First, off... here's Rowen, casting on her version.
Rowen is using a beautiful merino/silk yarn she found on sale at the Webs tent sale last year. I didn't write down the name of it, but I love the high sheen that the silk and the multi-ply gives to the color. I picked Classic Elite Magnolia for my version, another merino/silk blend. However, since that yarn is a single ply, it too has sheen but doesn't reflect back as much light.
Of course, I forgot to get a photo of mine.
We sat side by side throughout the evening, comparing notes about the instructions, and trying out the unusual increases used in this top-down sweater.
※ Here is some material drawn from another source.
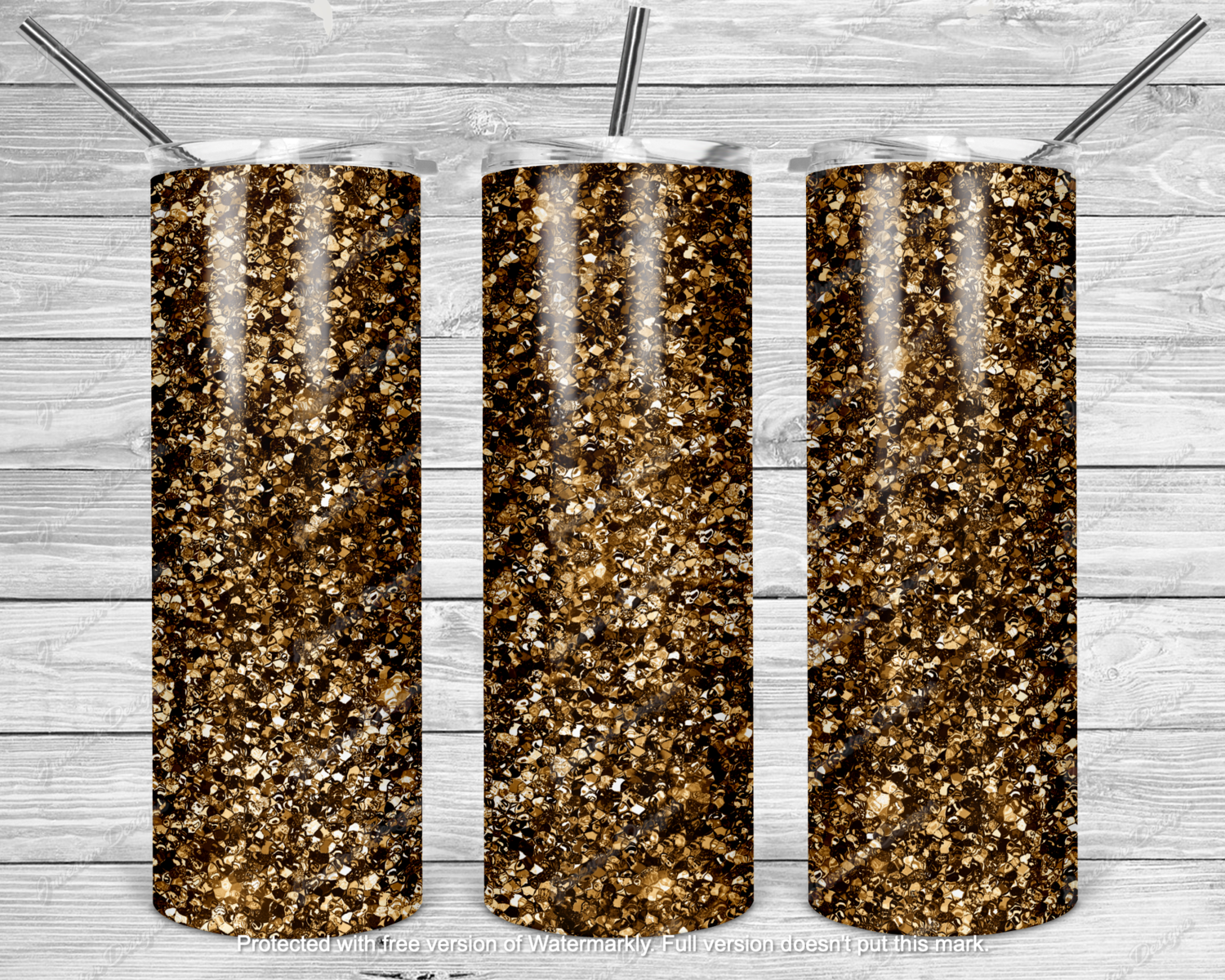 Gold glitter tumbler transfer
Cecily has you do a lifted increase using the stitch in the row below, then knit the one above it (on your needles), which makes for an interesting double-v look as you work them... I practiced several times on another piece I had with me, and we agreed it was a rather pretty-looking increase. That's where we discovered a bit of dyslexia in abbreviation-typing.
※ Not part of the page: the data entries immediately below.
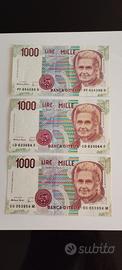 TRE banconote Lire 1000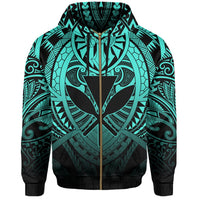 Hawaii Maka Polynesian Kanaka Maoli Zip Hoodie Heaven Style Turquoise - Polynesian Pride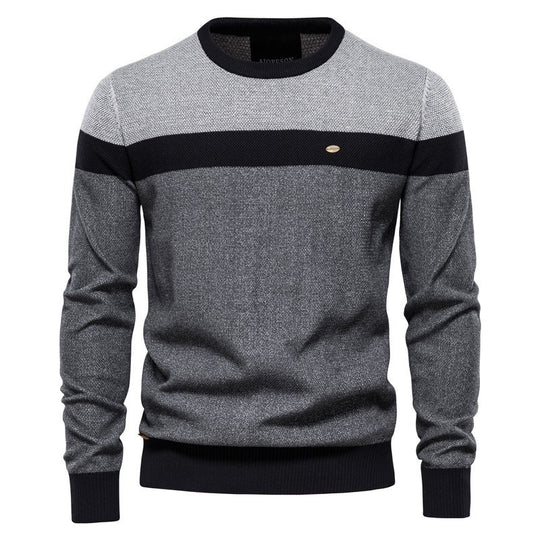 Herren Strickpullover mit modernem Farbblockdesign und feiner Struktur R&B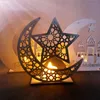 Strings Candles Lamp Wooden Moon Star Holiday Light Table Decoration Eid Mubarak Lighting Ramadan LightLED LED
Stephanie (Wooly Daisy to some of you Bloglanders) was the one who found this pattern, while 'window shopping' on Ravelry. We all had a few choice comments about whether she had read it first... however, we all agreed it is very elegant, and we liked many features: the offset front closure, the delicate ribbing on either side, the nice edging you get from slipping the first stitch of each row, and the lace pattern.
This next photo shows Claudia (left) and Stephanie casting on... Stephanie is using Cascade 220, but she is happy with her gauge and fabric, so we all agreed she should go forth and prosper. Plus, we are here for her if she stops feeling that it's working.
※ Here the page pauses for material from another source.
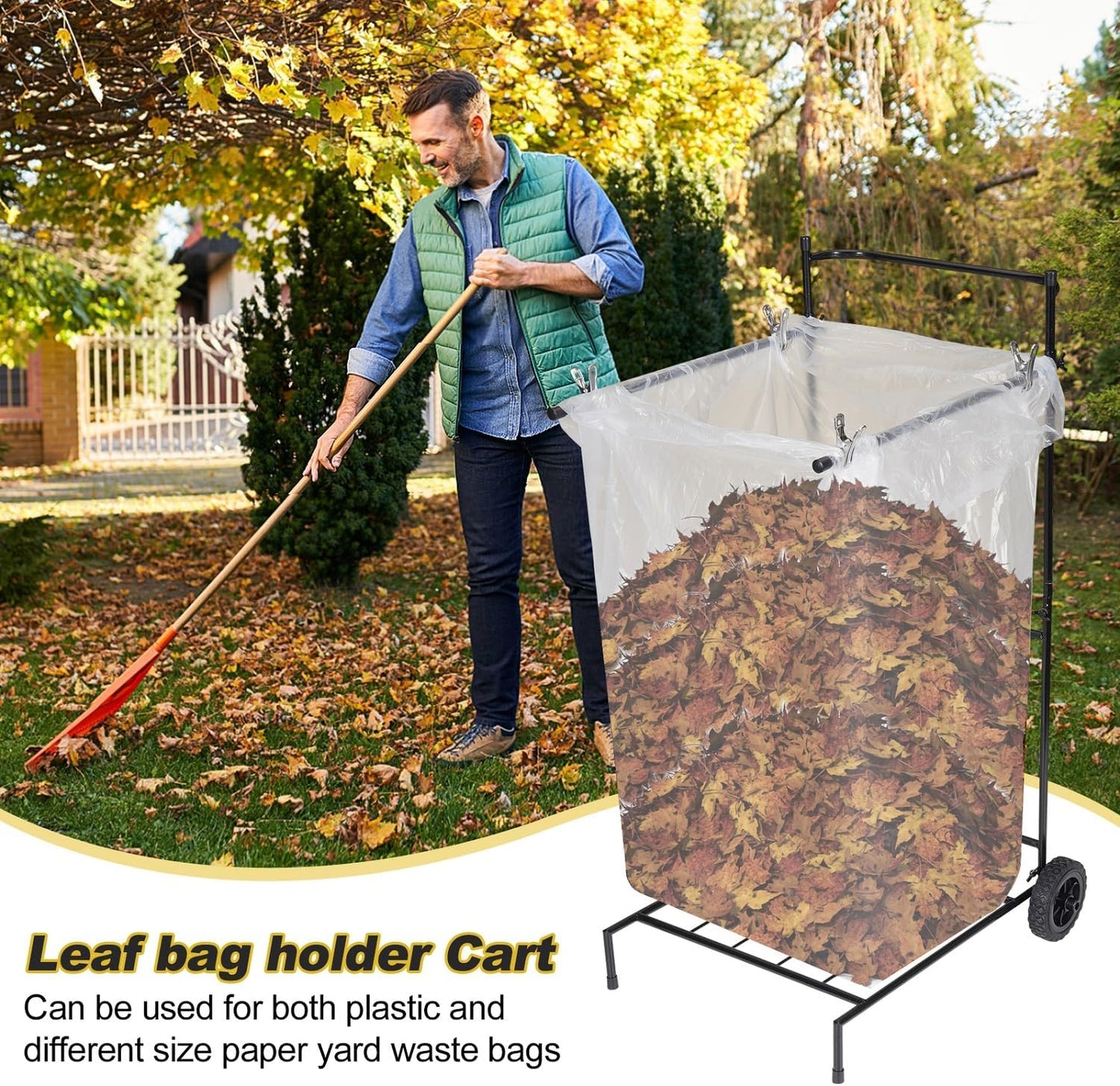 Heavy Duty Portable Trash Bag Holder with Wheel, Adjustable 30-45 Gallon Outdoor Leaf Bag Stand, Durable Trash Bag Rack, for Yard, Lawn Cleanup, Gardening, Camping & Parties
Claudia is using a lighter-weight yarn, probably closer to fingering than sport, but we helped her decide how to approach that problem as well... and will keep you posted on her results and outlook. She is making her sweater as a gift!
Note that Claudia is still smiling here - it's early in the evening. Things got much quieter as more concentration became involved in getting a new pattern set up.
The next picture pretty closely captures the lovely gold that Stephanie has chosen, along with her very cute tin for holding markers.
One of the comments that brought the most laughter during the evening came when Claudia told us she had cast on a second time because she hadn't realized she was supposed to leave the markers in place... knitting together is so much more fun!
The last photo is Barbara Sue, who is also using Cascade 220 (and of course a different needle size than Steph, to get the same gauge!)... she chose a lovely beige, though that is hard to tell in this photo. We loved how she wore her 'jeweler's eyes' to work last night... Barbara Sue works at one of the gold shops in our 'mountain mining' region... the irony being that few mines remain open, though amazing gold has been found in this region. B Sue's employer, Terry, is a very creative goldsmith.
I promise frequent updates, including some pictures of my own version, as all six of us produce our sweaters together.